Streitig ist zwischen den Beteiligten die Rechtmäßigkeit des Bescheides vom 25.07.2007 in Gestalt des Widerspruchsbescheids vom 04.02.2008, mit dem die Beklagte Leistungen zur Teilhabe am Arbeitsleben in Form der von der Klägerin ausschließlich gewünschten Umschulung zur Logopädin abgelehnt hat.

Die 1974 geborene Klägerin hat eine abgeschlossene Ausbildung zur Gärtnerin in der Zeit von 1990 - 1993 absolviert und war anschließend in diesem Beruf bis zur Entlassung durch den Arbeitgeber im Dezember 2006 auch sozialversicherungspflichtig beschäftigt. Seither ist sie arbeitslos. Im Jahr 2002 absolvierte sie zusätzlich einen Motorsägenlehrgang, von 2004 - 2006 die Meisterschule für Gärtner, allerdings ohne Abschluss, und nahm im Jahr 2006 an einem EDV-Kurs teil. Nachdem im Rahmen einer arbeitsamtsärztlichen Begutachtung vom 27.02.2007 trotz eines diagnostizierten Knorpelschadens im Bereich des linken Kniegelenkes sowie einer chronischen Sehnenansatzentzündung am linken Ellenbogengelenk noch eine vollschichtige Einsatzfähigkeit auf dem allgemeinen Arbeitsmarkt unter Beachtung qualitativer Leistungseinschränkungen festgestellt, jedoch aufgrund der Erkrankungen und des massiven Übergewichtes der Klägerin eine berufliche Neuorientierung angeraten worden war, beantragte die Klägerin bei der Beklagten am 21.03.2007 die Gewährung von Leistungen zur Teilhabe am Arbeitsleben.

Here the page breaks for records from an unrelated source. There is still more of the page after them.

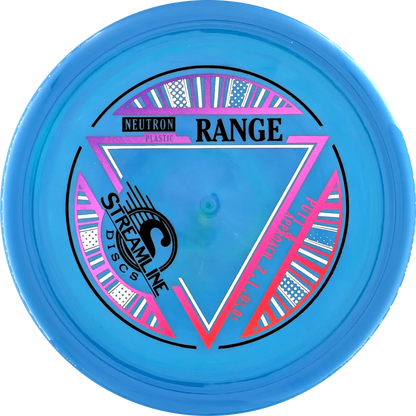 Neutron Range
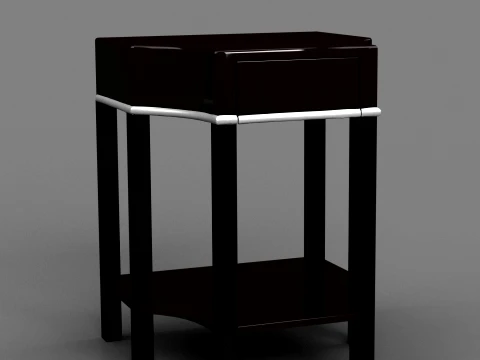 Table 3D Model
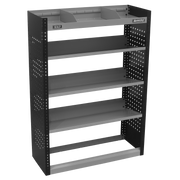 Sealey Modular Slanted Shelf Van Storage Unit 925mm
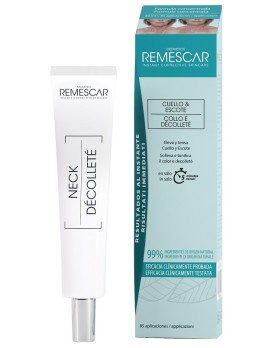 REMESCAR Collo & Decolte' 40ml
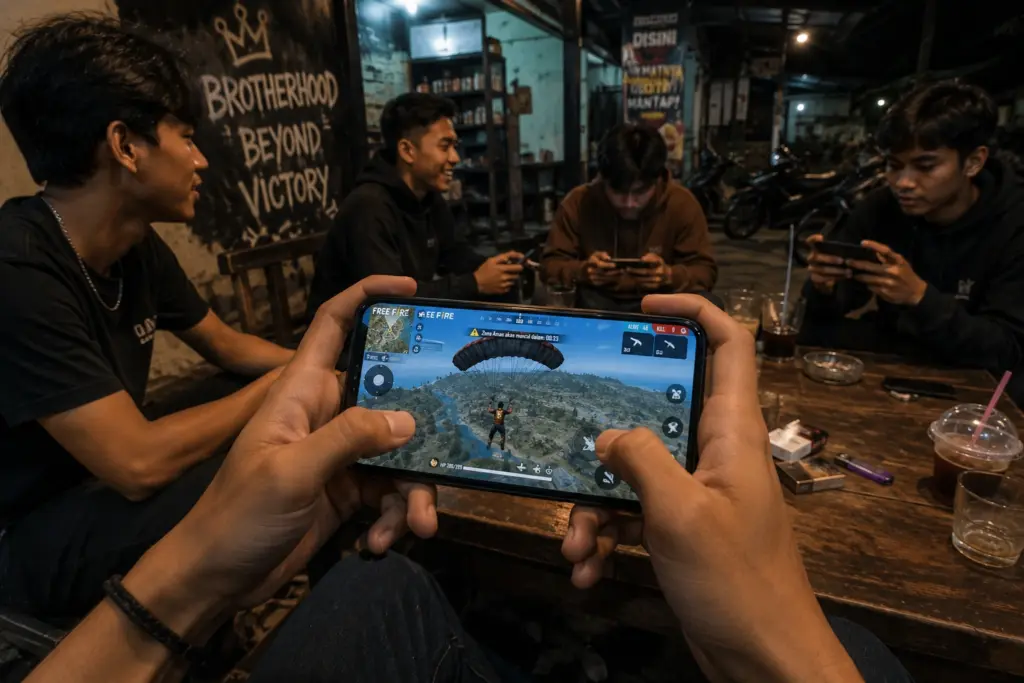 apa itu uncheck akun ff 2026
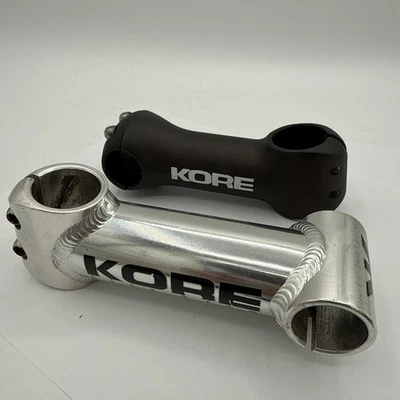 Vintage Kore Lite Threadless Stem 1 1/8 X 120mm / 100mm  26/ 25.4  Lot Of 2 - Image 1 of 4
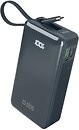 Фото SBS 10000 mAh PD 20W USB-C Blue (TTBB10000LCDTCPD20B)
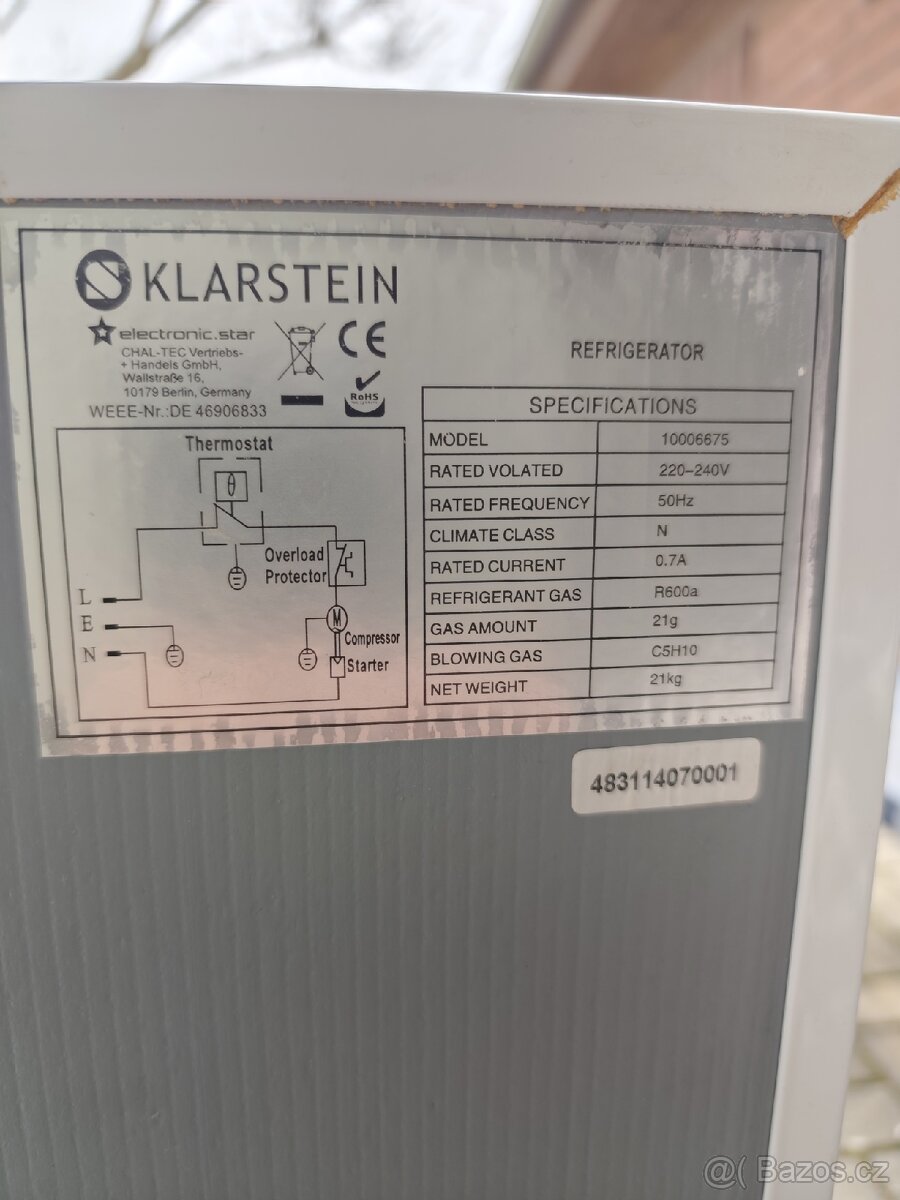 Malá chladnička - 3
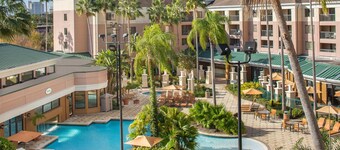Courtyard Orlando Lake Buena Vista in the Marriott Village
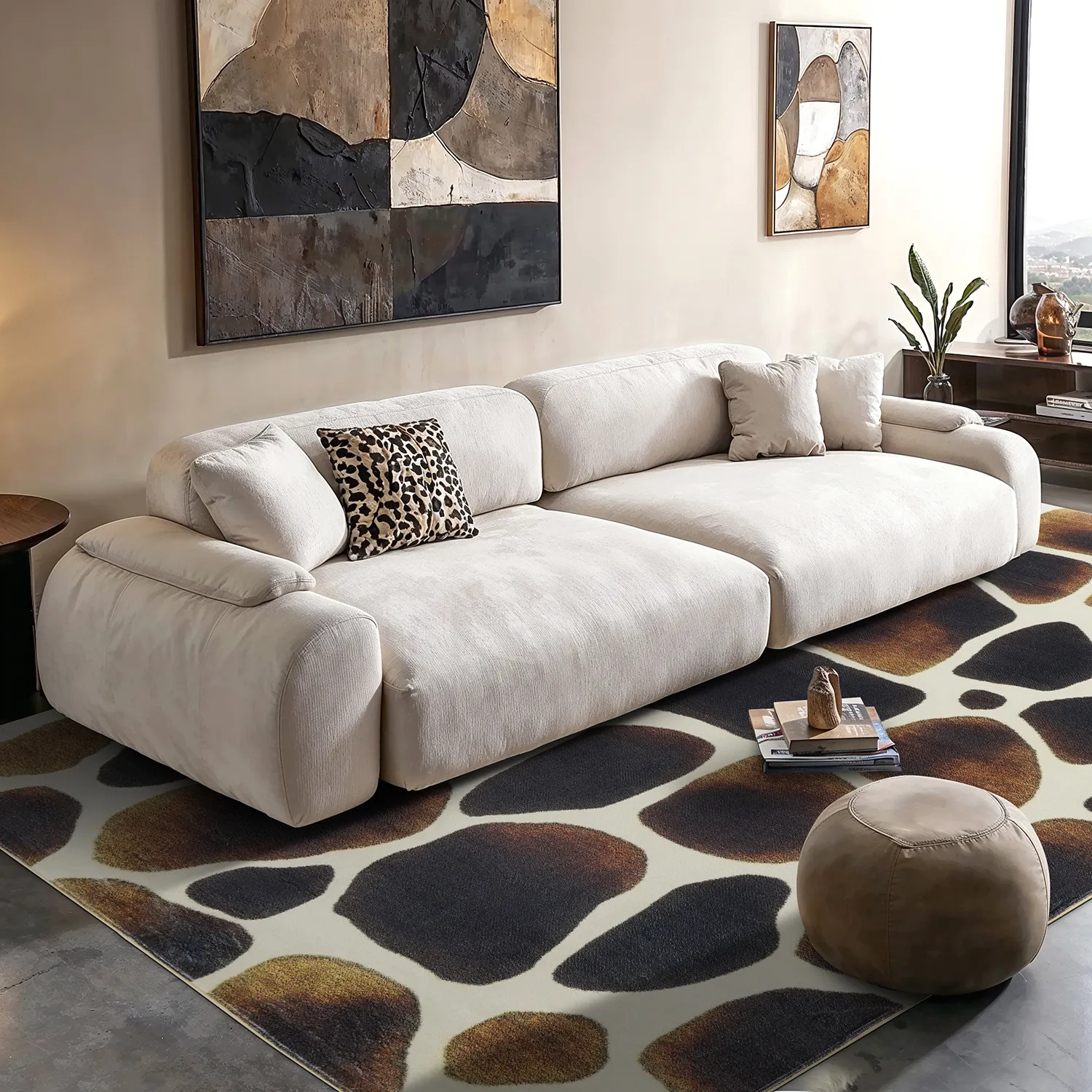 Wilton szőnyeg - Lodi (zsiráf)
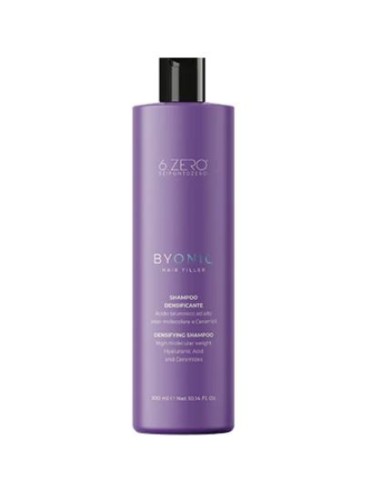 6.ZERO Byonic Shampoo densificante 300 ml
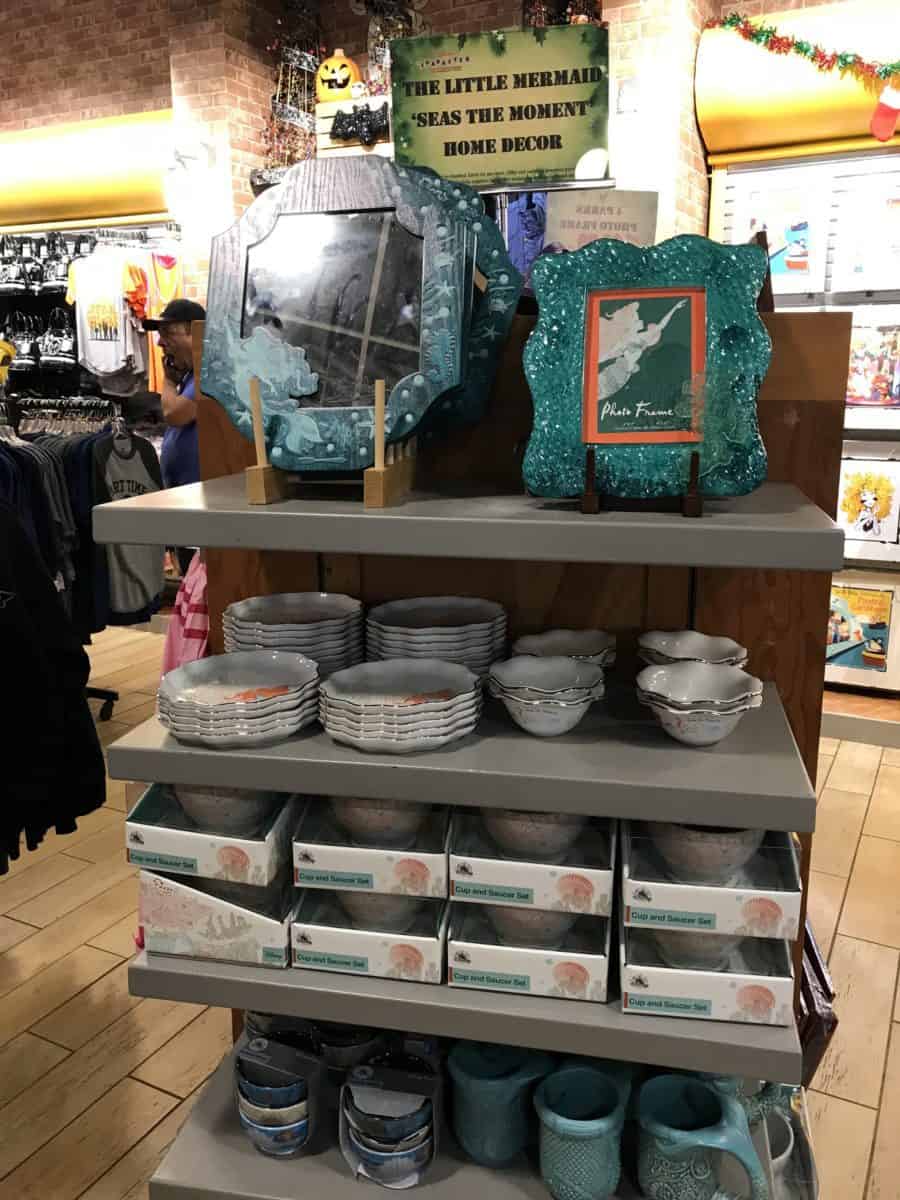 character warehouse dec 2018 little mermaid sets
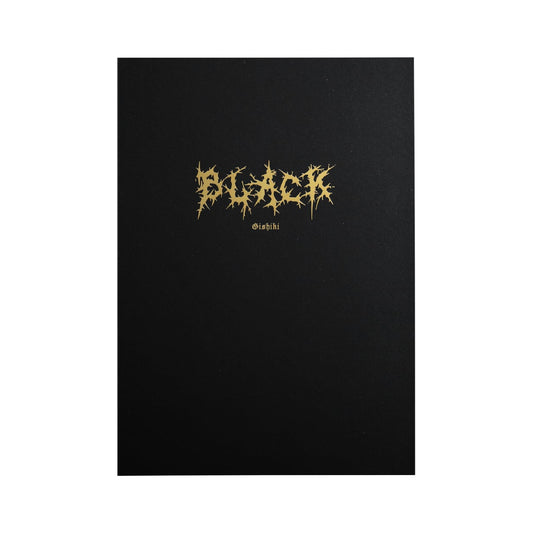 ART BOOK "BLACK"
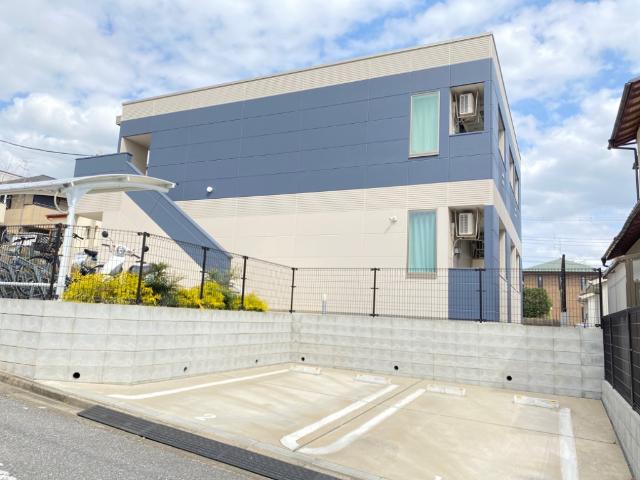 コンフォルト優の外観画像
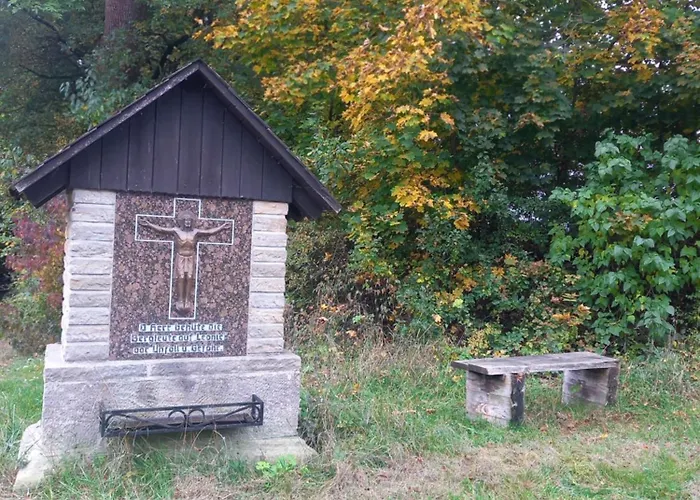 Apartment Am Pinzigberg *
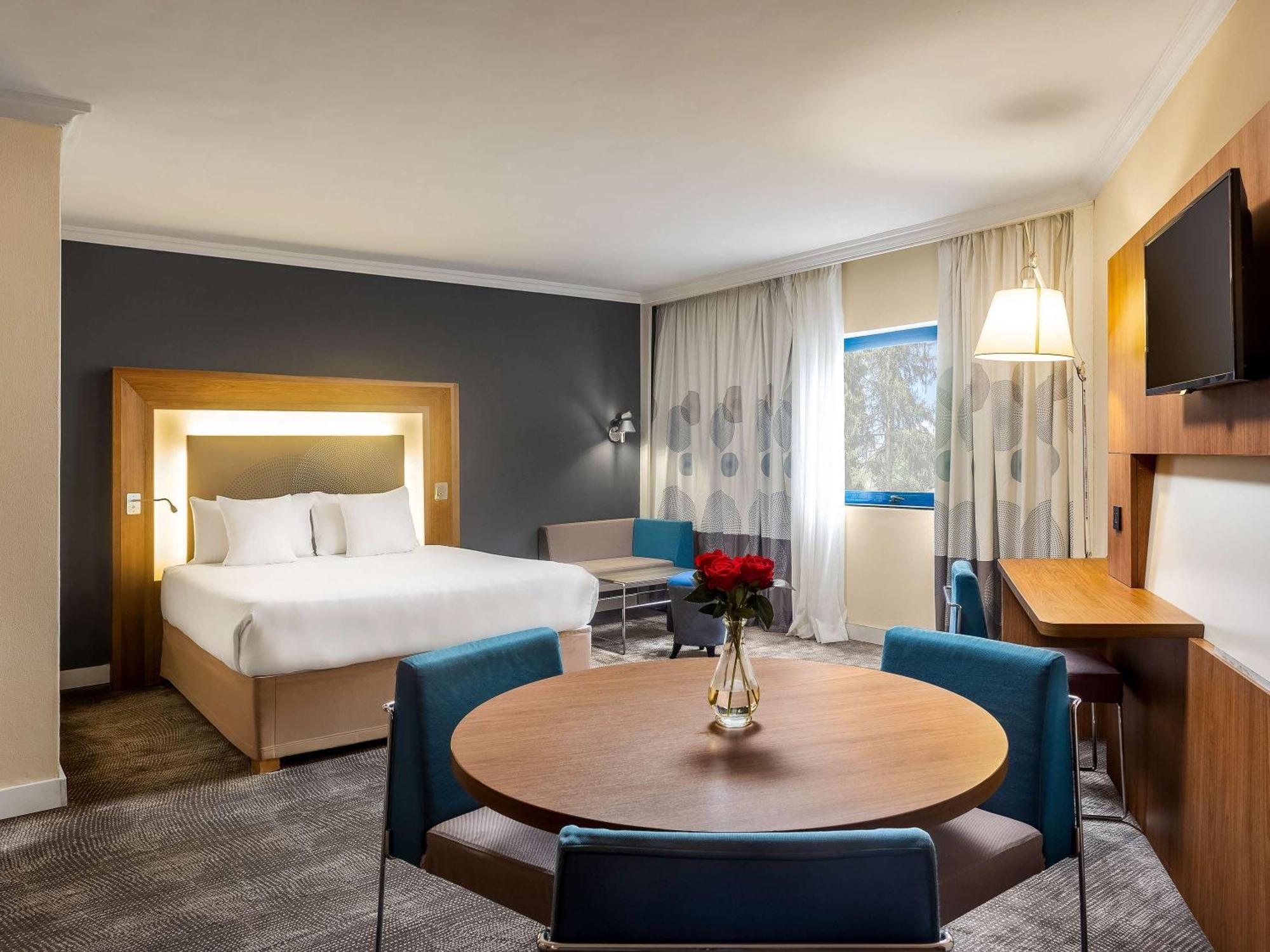 Novotel Port Harcourt Exteriér fotografie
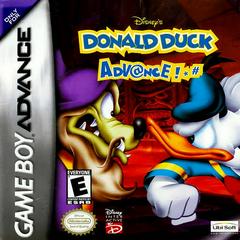 Donald Duck Advance - GameBoy Advance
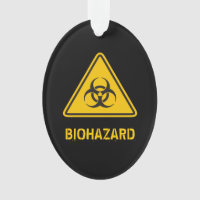 Biohazard Icon
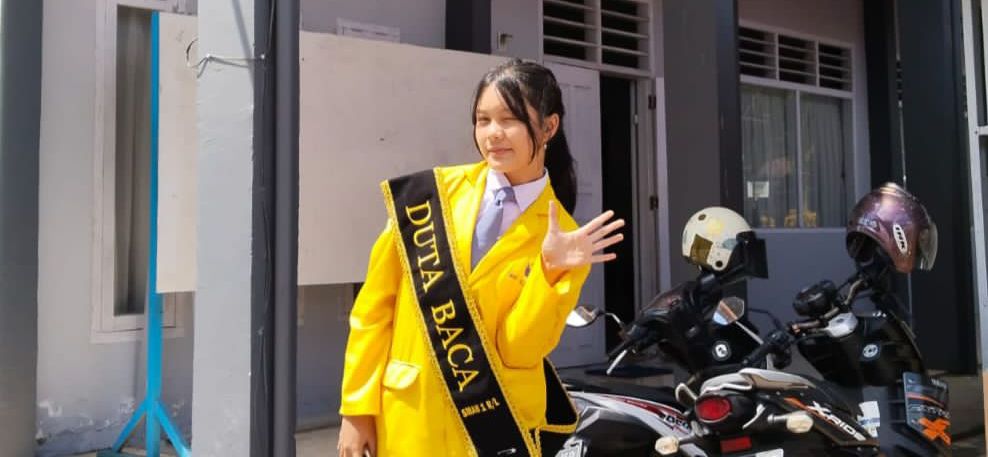 The Best Speaker LDBI Bengkulu Ini Bercita-cita jadi Peserta Kejuaraan Debat Dunia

In diesem Antrag wies die Klägerin darauf hin, dass sie sich im voraus über eine Umschulung zur Logopädin informiert und dass sie nach der Auswertung eines Vorstellungsgesprächs zuzüglich eines Eignungstests bei der Berufsfachschule für Logopädie in Bad N. die Möglichkeit habe, dort eine Umschulung zur Logopädin zu machen. Die Beklagte bewilligte nach Einholung eines chirurgisch/sozialme-dizinischen Gutachtens von Dr. G. vom 27.04.2007 mit bestandskräftigem Bescheid vom 07.05.2007 dem Grunde nach die Gewährung von Leistungen zur Teilhabe am Arbeitsleben, woraufhin die Klägerin vom 11.06.2007 - 26.06.2007 im Berufsförderungswerk (BFW) H. an einer Berufsfindung und Arbeitserprobung teilnahm. Nach dem Abschlussbericht des BFW H. vom 11.07.2007 bringe die Klägerin gute Voraussetzungen für eine qualifizierte Weiterbildung mit, so dass sowohl IHK-Ausbildungen als auch Fachschulausbildungen, insbesondere im Sozialbereich unterstützt werden könnten. Die Klägerin sei sowohl für den Beruf der Logopädin geeignet, Alternativen seien aber auch in anderen Bereichen denkbar, beispielsweise im Medienbereich, im kaufmännisch-verwaltenden Bereich oder auch im Laborbereich.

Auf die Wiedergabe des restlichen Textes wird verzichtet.